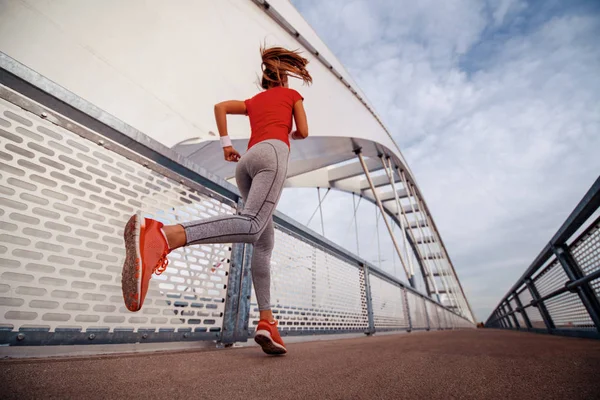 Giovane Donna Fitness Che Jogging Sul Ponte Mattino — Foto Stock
====================
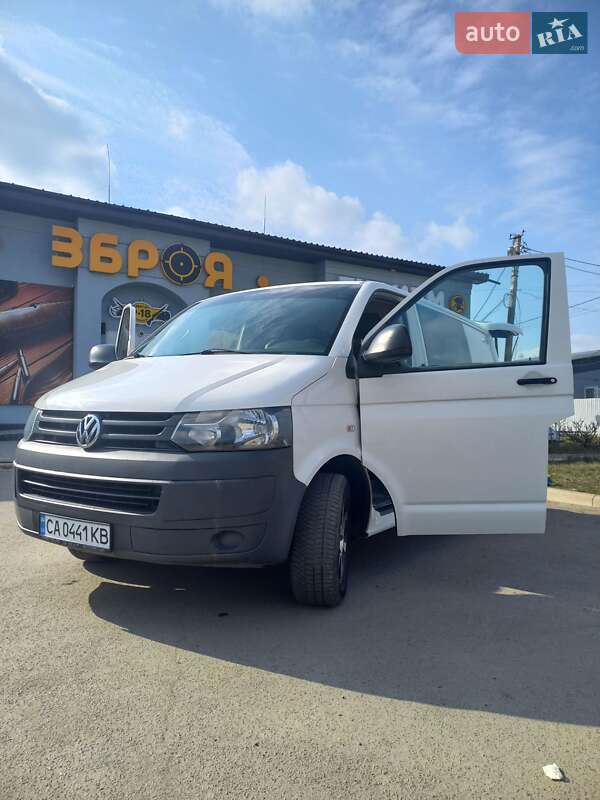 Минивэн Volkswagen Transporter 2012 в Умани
====================
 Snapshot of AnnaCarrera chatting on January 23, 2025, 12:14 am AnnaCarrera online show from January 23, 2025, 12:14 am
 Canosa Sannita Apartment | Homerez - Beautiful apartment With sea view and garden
====================
[Work instructions] Above are the entries. Output exactly the lines beginning with the line that has "Snapshot of AnnaCarrera" and ending with the line that has "Canosa Sannita Apartment".

[Answer to this task]
 Snapshot of AnnaCarrera chatting on January 23, 2025, 12:14 am AnnaCarrera online show from January 23, 2025, 12:14 am
 Canosa Sannita Apartment | Homerez - Beautiful apartment With sea view and garden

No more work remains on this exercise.